An American doctor who refused to evacuate from southern Gaza said on Friday that he remained in solidarity with his colleagues who were unable to leave, calling on US President Joe Biden to help ensure the safety of medical workers who treat patients affected by the war.
Washington Post correspondent Kim Bellower wrote a report about a doctor named Adam Hamwi and his fellow volunteers trapped in Gaza after Israeli forces seized the Rafah border crossing earlier this month.
Hamwi (53 years old), a former war trauma surgeon in the US Army, said in a statement to the Washington Post: “Never in my professional life have I witnessed the level of atrocities and targeting of my medical colleagues as I witnessed in Gaza.”
They are not safe
Hamwi added in his statement that he wants Biden to know that doctors are not safe, and that as a doctor, he cannot abandon the rest of his team, and as a former soldier, he cannot abandon his fellow Americans.
Hamwi had traveled to the Gaza Strip with the Virginia-based Palestinian American Medical Society, a mission coordinated by the World Health Organization, and his team of 19 people, including American citizens and citizens of other countries, arrived in the region through the Rafah border crossing on May 1. This is ongoing to support the European Hospital in Khan Yunis, near Rafah in the southern Gaza Strip.
Hamwi and his colleagues – who arrived carrying bags full of supplies including much-needed anesthetics – were scheduled to leave Gaza on May 13, but shortly after their arrival, Israeli forces launched an operation in Rafah to seize the border crossing with Egypt. The borders were closed and doctors were trapped.
Hamwi said they were concerned that the European Hospital would suffer a similar fate to Al-Shifa and Nasser Hospital, referring to the two largest hospitals in Gaza that were destroyed by Israeli military raids.
Americans only
It is noteworthy that Hamwi is one of 3 American medical volunteers who remained in Gaza, while other colleagues were evacuated through the Kerem Shalom crossing, with the help of the American embassy in Jerusalem. Only American citizens were given permission to leave.
Hamwi said in a text message early Saturday that 11 team members from other countries, as well as two permanent U.S. residents, were not offered an exit.
He explained that when he got the call to evacuate, he was asked to choose between evacuating and leaving his team behind or staying with the team. He said in his statement that his conscience did not allow him to leave his team behind, and he continued, “This was not what I was taught. This is not the soldiers’ doctrine. We do not leave Americans behind. This is against our values as Americans.”
Hamwi, who lives in New Jersey, was among the doctors whom Sen. Tammy Duckworth publicly credited with saving her life in Iraq in 2004.
Another group
The Palestinian American Medical Society has another group of volunteers waiting in Egypt to replace Hamwi’s team, but Israel has severely restricted the entry of foreign aid workers into Gaza since it closed the Rafah border.

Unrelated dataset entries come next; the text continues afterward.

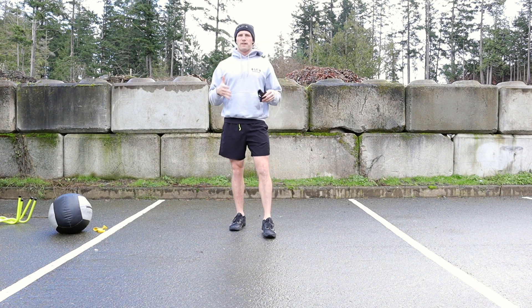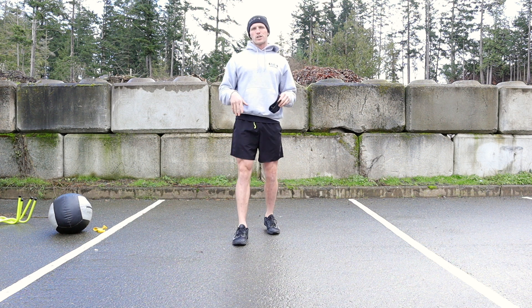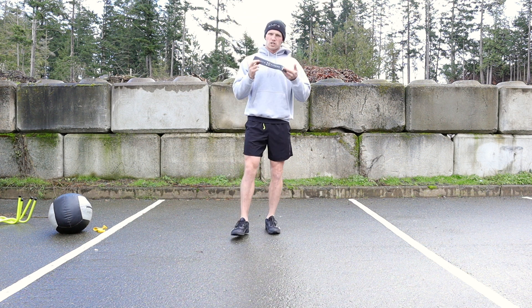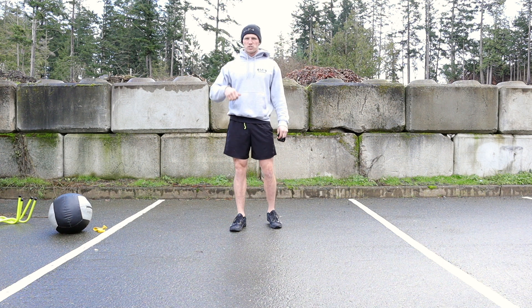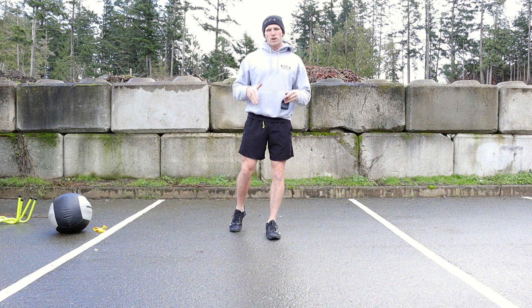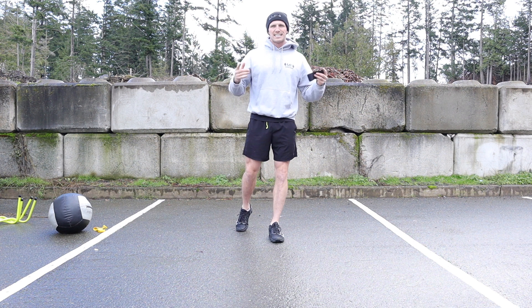What's going on guys? Dan Mafia here with Mafia Fitness. In today's short video we're gonna go over three exercises using our speed bands to activate your glutes and your hips, to ensure your muscles are firing right, you're powerful, you're ready to go. Okay, let's get after it.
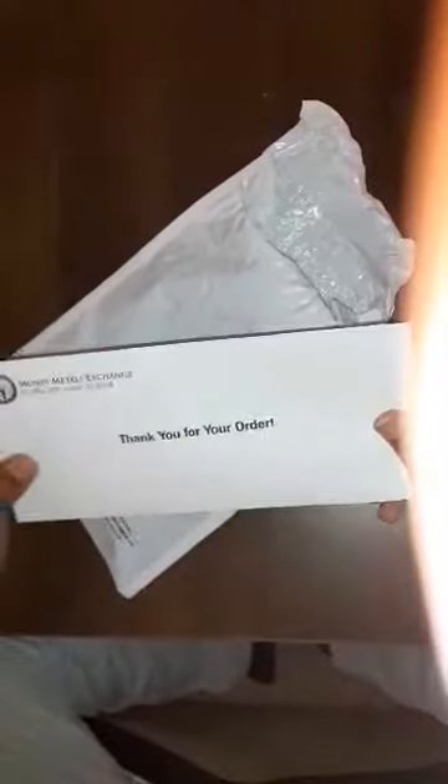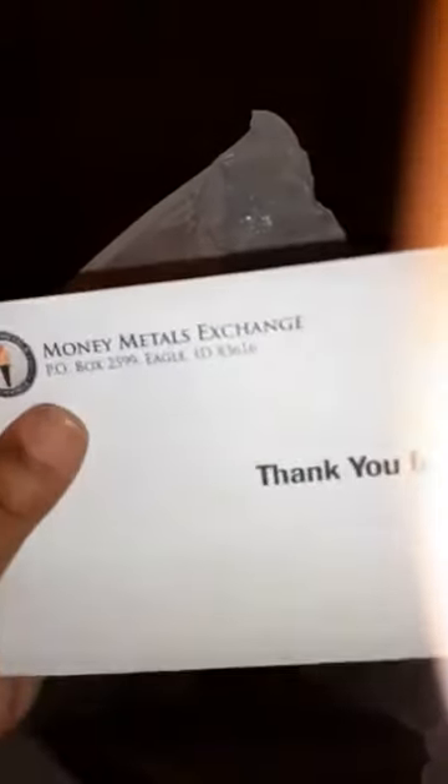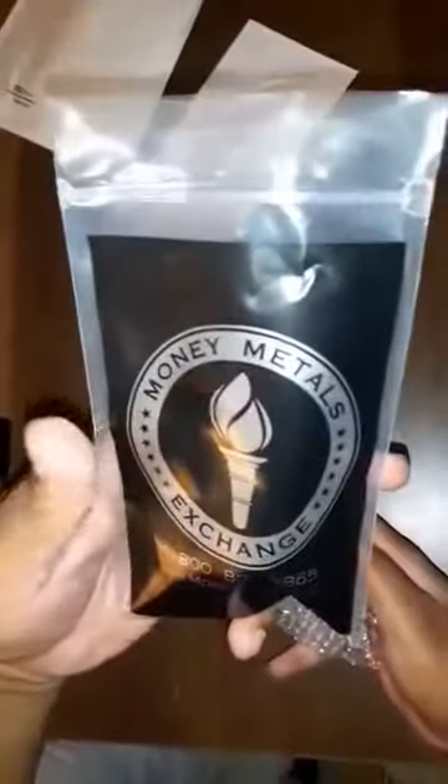What's up everybody, I'm gonna do an unpacking of some silver coins I got from Money Metals Exchange. It's just a couple — I think about four. I believe these are the buffalo rounds, inspired by the buffalo nickel. They come in this nice little package. I've been collecting silver lately, buying it.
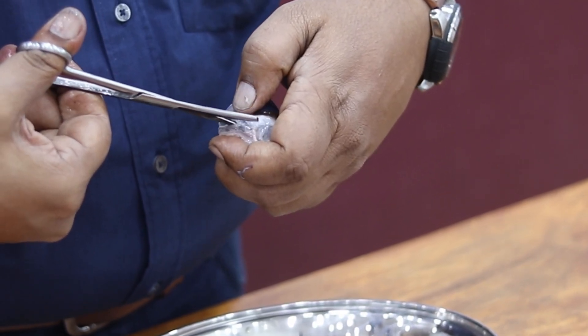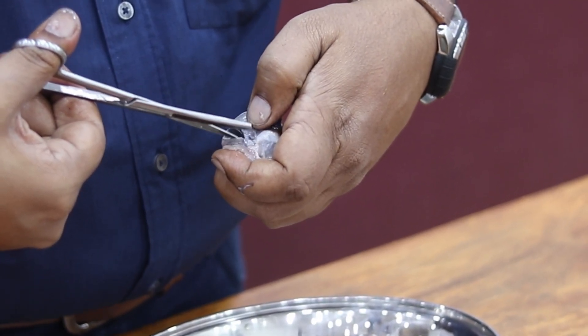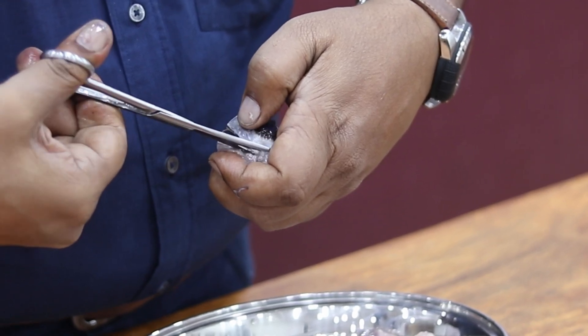The transparent fluid present inside is going to ooze out now. I'm touching it — it's very soft.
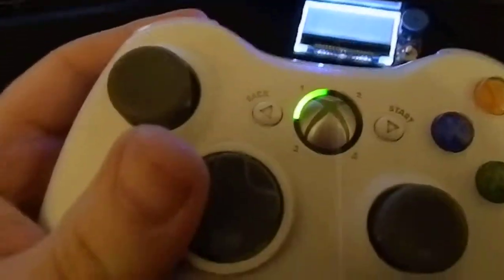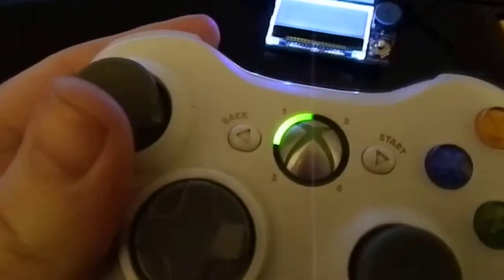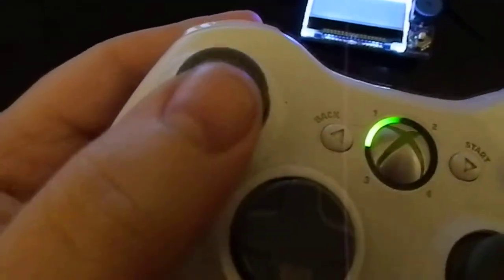It's receiving signals from all the buttons on an event, so any time I do anything on the Xbox it sends a signal through there. The only thing that we have set up is this left joystick software.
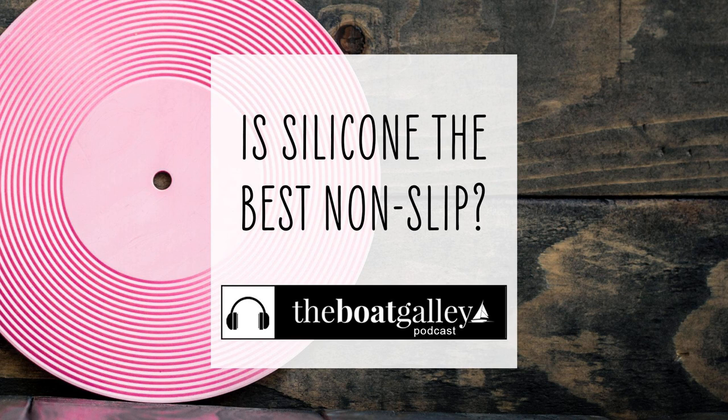Things can go sliding around on a boat, especially if you're heeling on a monohull or traveling on a trawler, but you don't have to put up with this nuisance. Hi, I'm Carolyn Sherlock, and on this episode of the Boat Galley Podcast, I'll share four ways to make darn near anything non-slip. It's easy, and it doesn't cost much either.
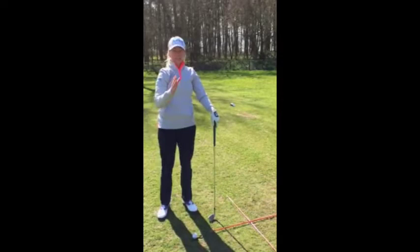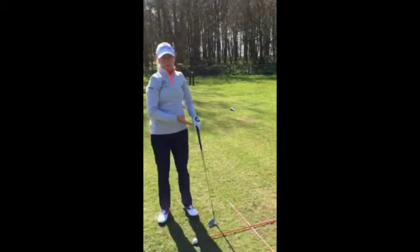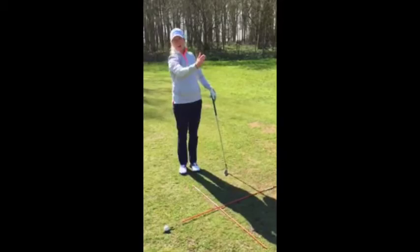My first tip for you is alignment. People tend to miss a certain way and try to compensate by aiming further away from their miss. The main thing that I do during practice to help this is alignment sticks. The first one goes down the line I want to hit, and the second goes through the middle to focus on ball position.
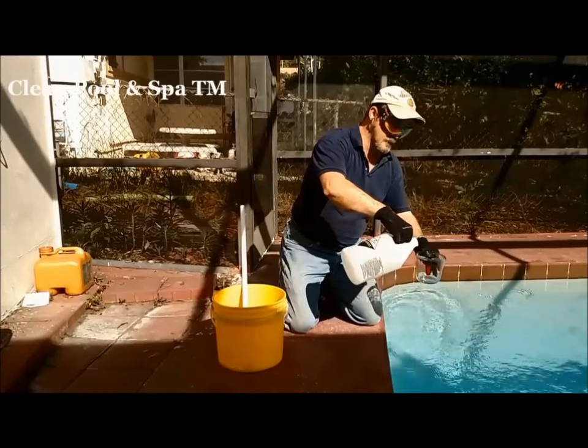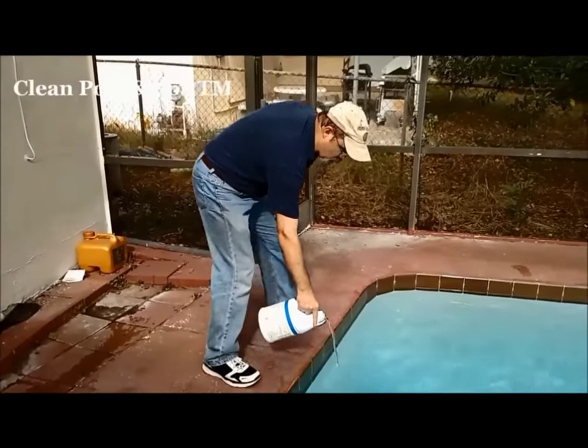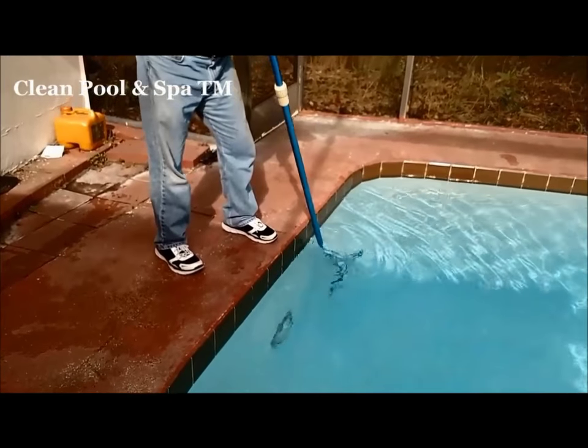That is 16 ounces of acid. So let's go ahead and recap everything that you've done so far. I'm going to come over here and do the same thing — walk it around the perimeter of the deep end, loosening up all that algae, and we're mixing up the chlorine.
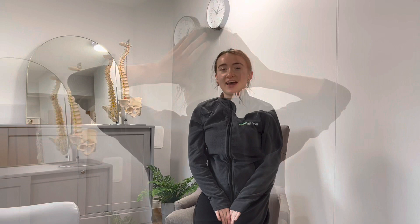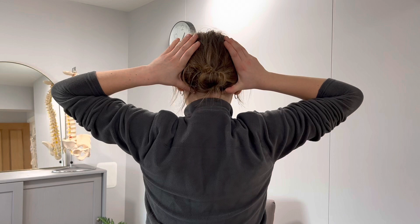The next one targets decompression — we're trying to open up the space at the back of your neck. Place two hands on the back of your head, then very slightly draw them up, opening up your shoulders and lifting up.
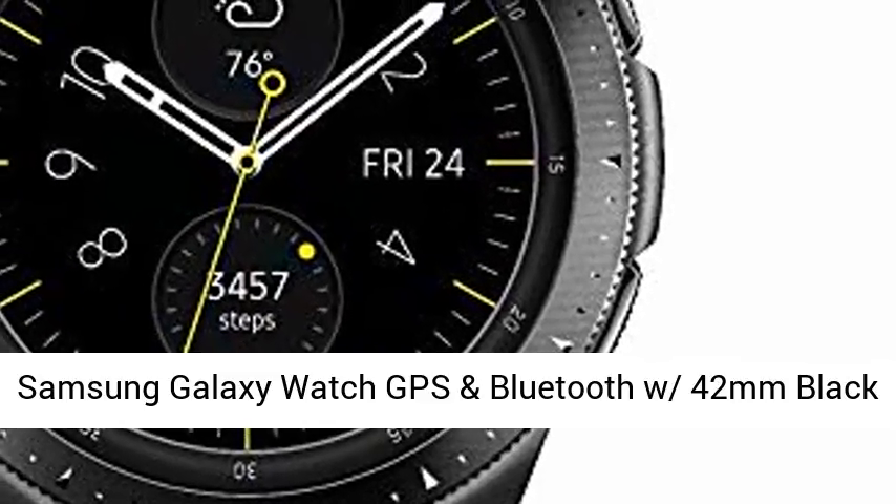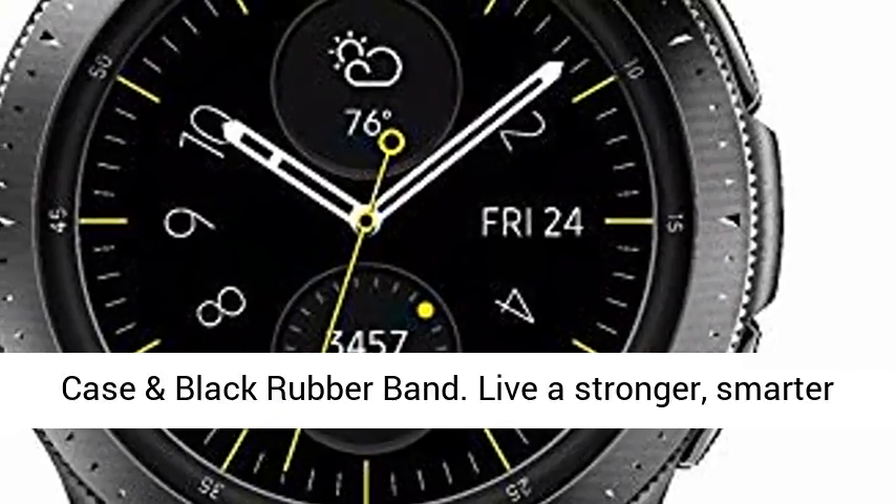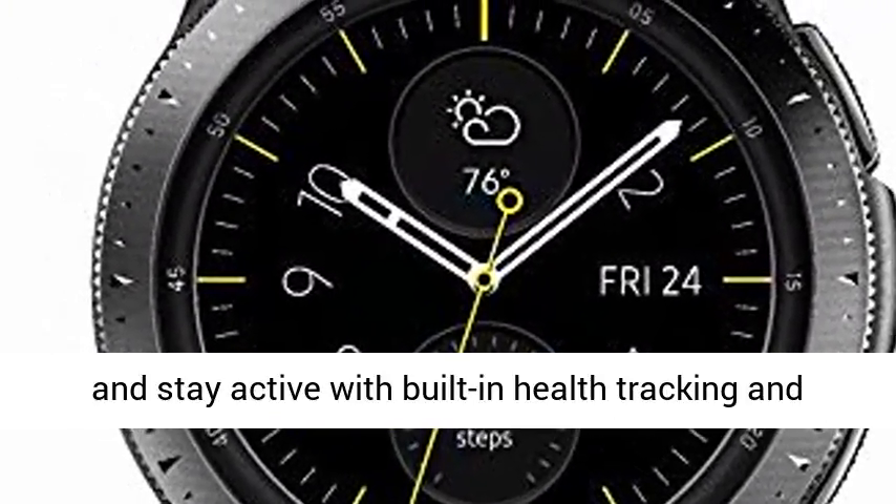Samsung Galaxy Watch GPS and Bluetooth with 42mm black case and black rubber band. Live a stronger, smarter life with Galaxy Watch at your wrist.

Hamwi and his colleagues do not know when they might have the opportunity to leave, and in his statement, he apologized to his family for not returning, saying: “I know it is painful that I will not return home this weekend, and I am sorry, but I know that you are proud that I am adhering to my oath not to leave.” “No one is ever behind me.”
In a letter to the Washington Post, Hamwi said, “If all American citizens leave, what does this mean for us as a country? We are not like that.”